PROVIDED MATERIAL:
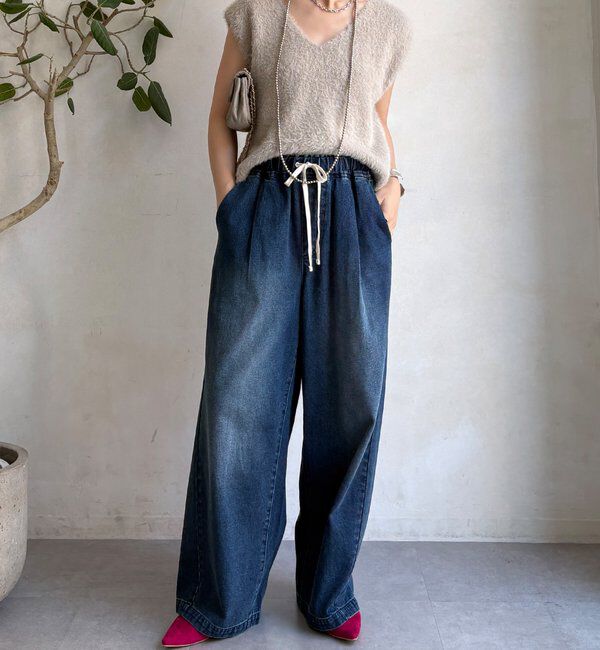  「【WEB限定】シャギーニットVベスト」|ニット・セーター|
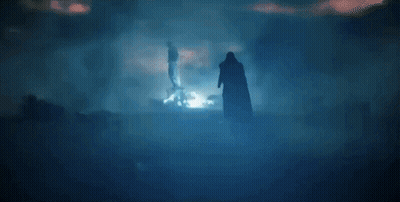 Man In Cape Standing In Storm With Lightning GIF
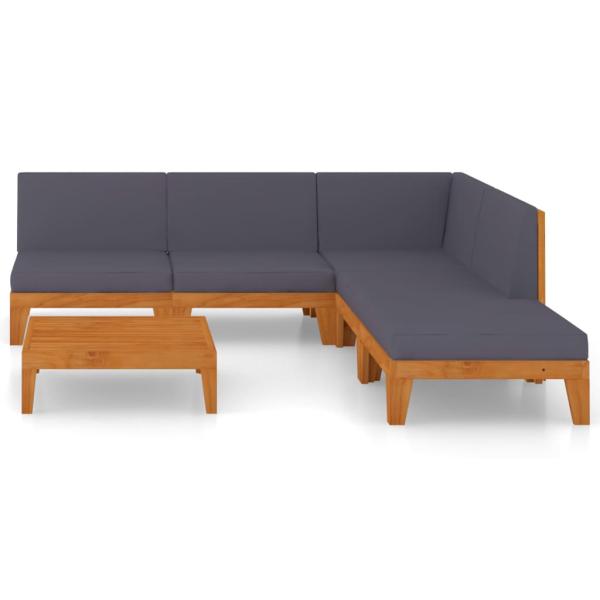 6-tlg. Garten-Lounge-Set mit Kissen Akazie Massivholz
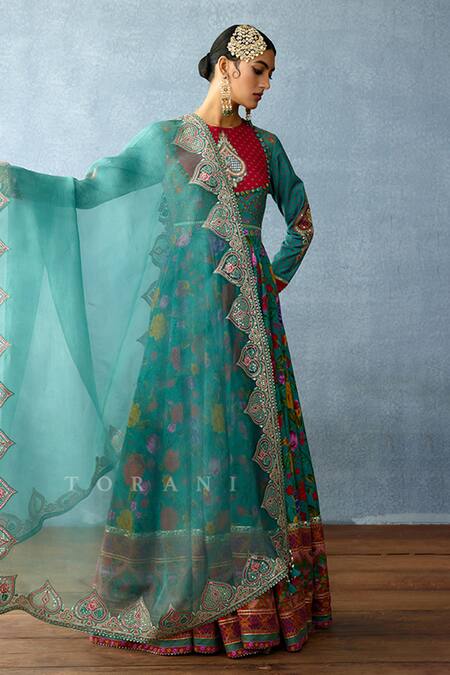 Buy_Torani_Blue Organza, Jersey Beads, Sequins, Dil Nawaz Nimat Print Anarkali With Dupatta 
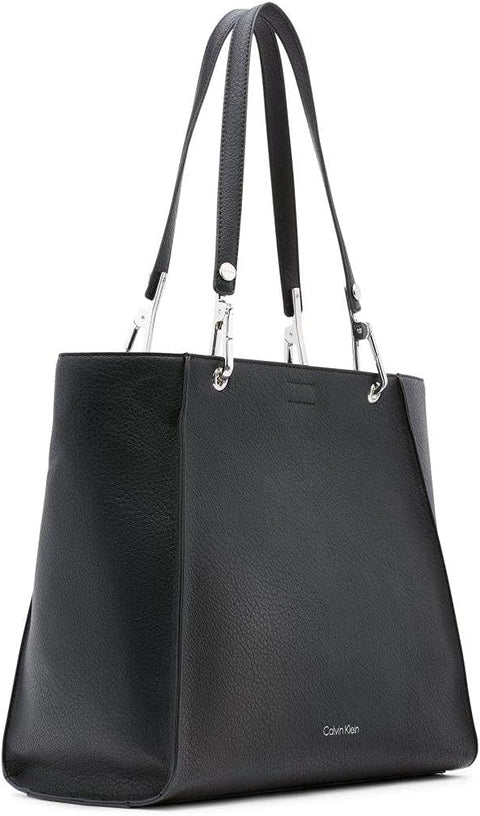 Calvin Klein Reyna North/South Tote, Black/Silver Calvin Klein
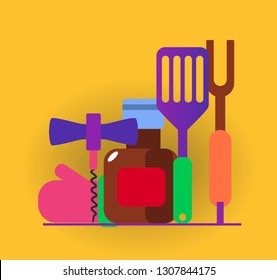 grill and grill sauces vector icon on yellow background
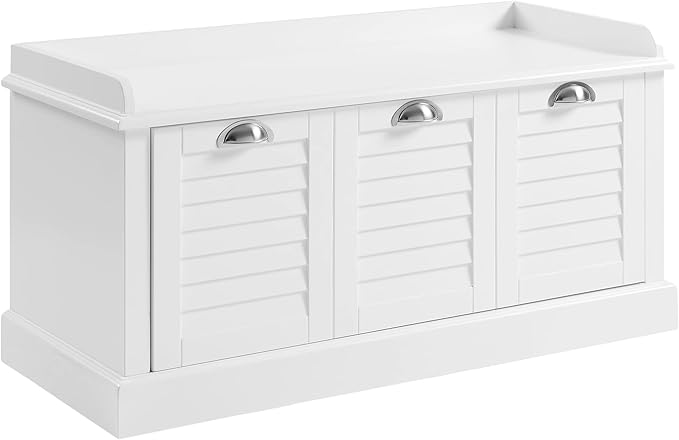 Crosley Furniture Ellison Entryway Storage Bench with Shoe Rack Organizer Drawer, White with Gray Cushion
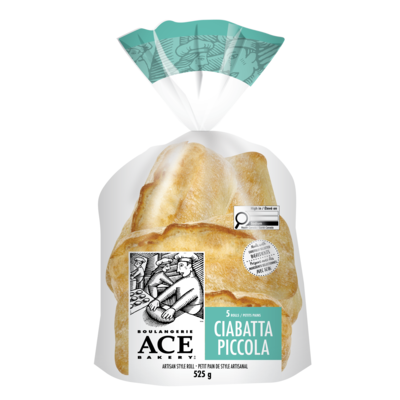 Boulangerie ACE Petit pain de style artisanal ciabatta piccola 525 g, 0,95 $/100g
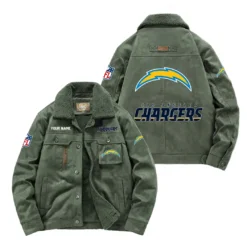 Los Angeles Chargers Fan Gift Padded Lapel Jacket, Jacket All Over Print For NFL Lovers, Custom Name G1A072025LAC001 - Army Green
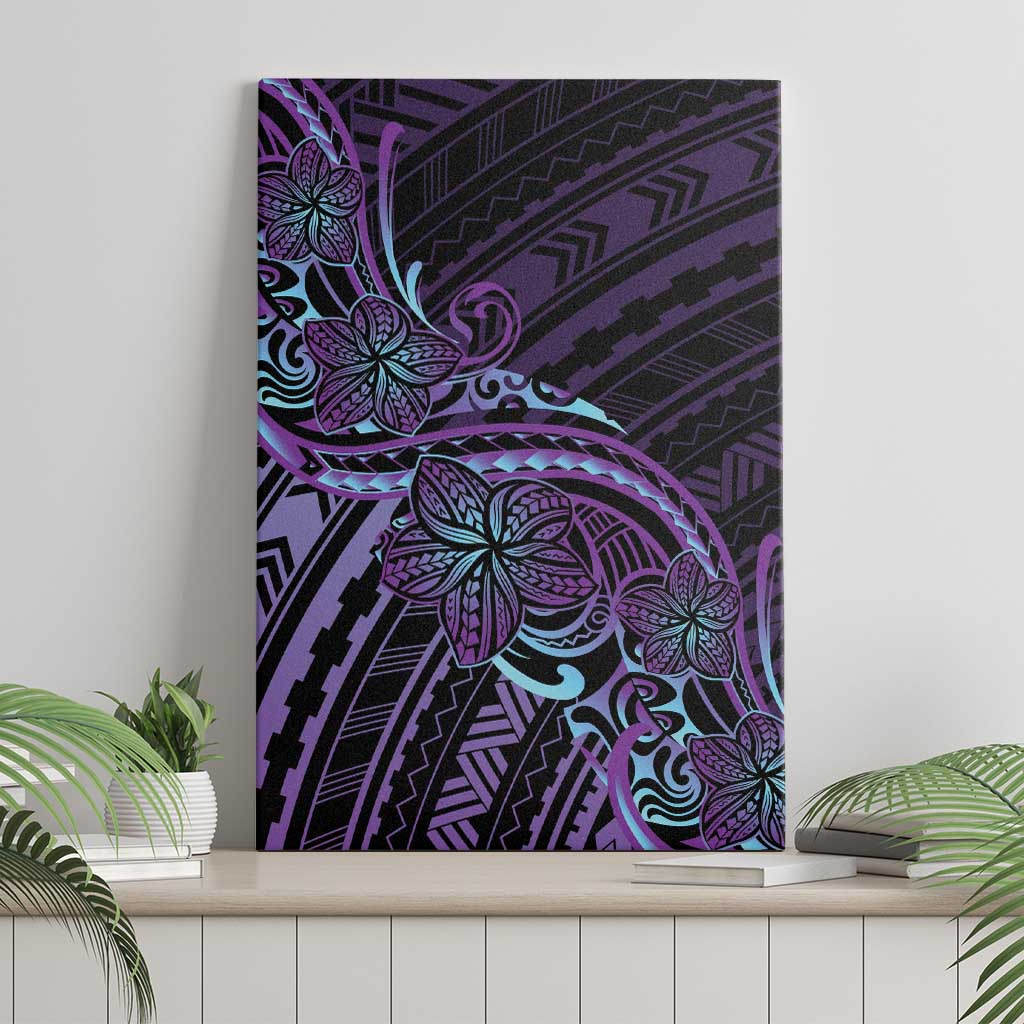 Teal Purple Polynesia Plumeria Tattoo Canvas Wall Art LT14 - Polynesian Pride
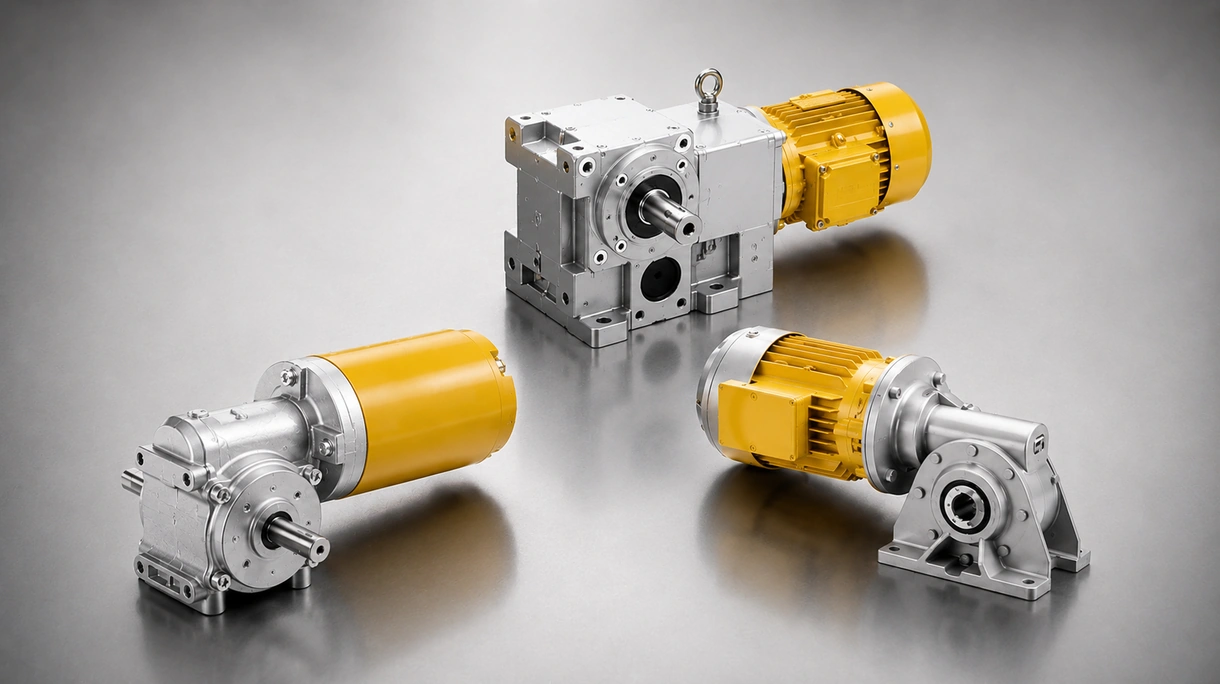 Right angle gear-motor installed on an automated conveyor system in a high-volume logistics distribution center environment.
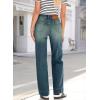 imageSidefeel Womens Wide Leg Jeans High Waisted Stretchy Straight Leg Baggy Drawstring Zimbaplatinum Denim PantsBlue Sapphire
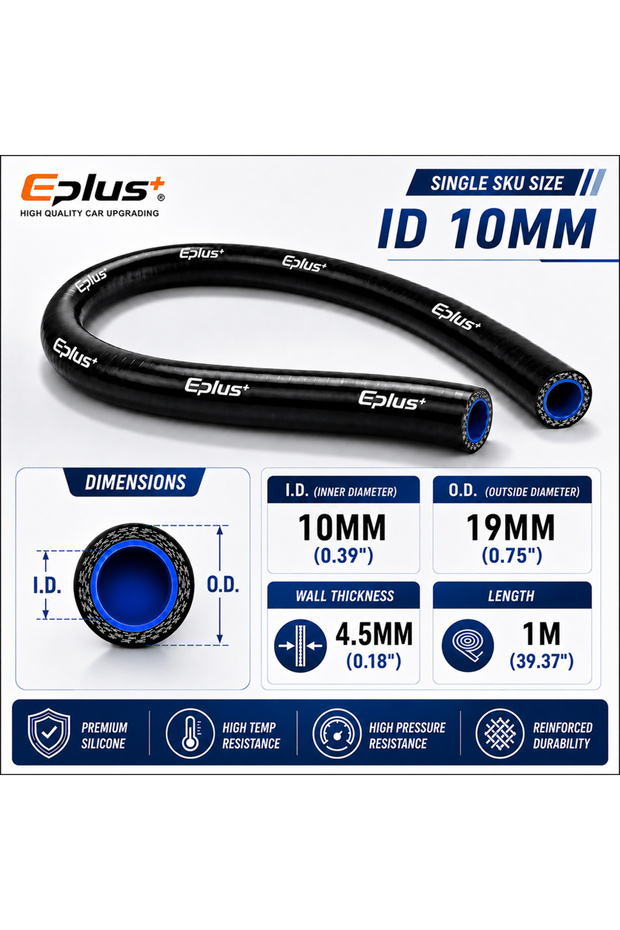 I D 10MM EPLUS 4 Layers Polyester Silicone Hoses Straight 1 Meter Car Engine Universal High Temperat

ABOUT THIS TASK: Retype only the lines from the one with "Crosley Furniture Ellison" through the final line of the entries, please, and keep the pictures out.

SOLVED PROBLEM:
 Crosley Furniture Ellison Entryway Storage Bench with Shoe Rack Organizer Drawer, White with Gray Cushion
 Boulangerie ACE Petit pain de style artisanal ciabatta piccola 525 g, 0,95 $/100g
 Los Angeles Chargers Fan Gift Padded Lapel Jacket, Jacket All Over Print For NFL Lovers, Custom Name G1A072025LAC001 - Army Green
 Teal Purple Polynesia Plumeria Tattoo Canvas Wall Art LT14 - Polynesian Pride
 Right angle gear-motor installed on an automated conveyor system in a high-volume logistics distribution center environment.
 imageSidefeel Womens Wide Leg Jeans High Waisted Stretchy Straight Leg Baggy Drawstring Zimbaplatinum Denim PantsBlue Sapphire
 I D 10MM EPLUS 4 Layers Polyester Silicone Hoses Straight 1 Meter Car Engine Universal High Temperat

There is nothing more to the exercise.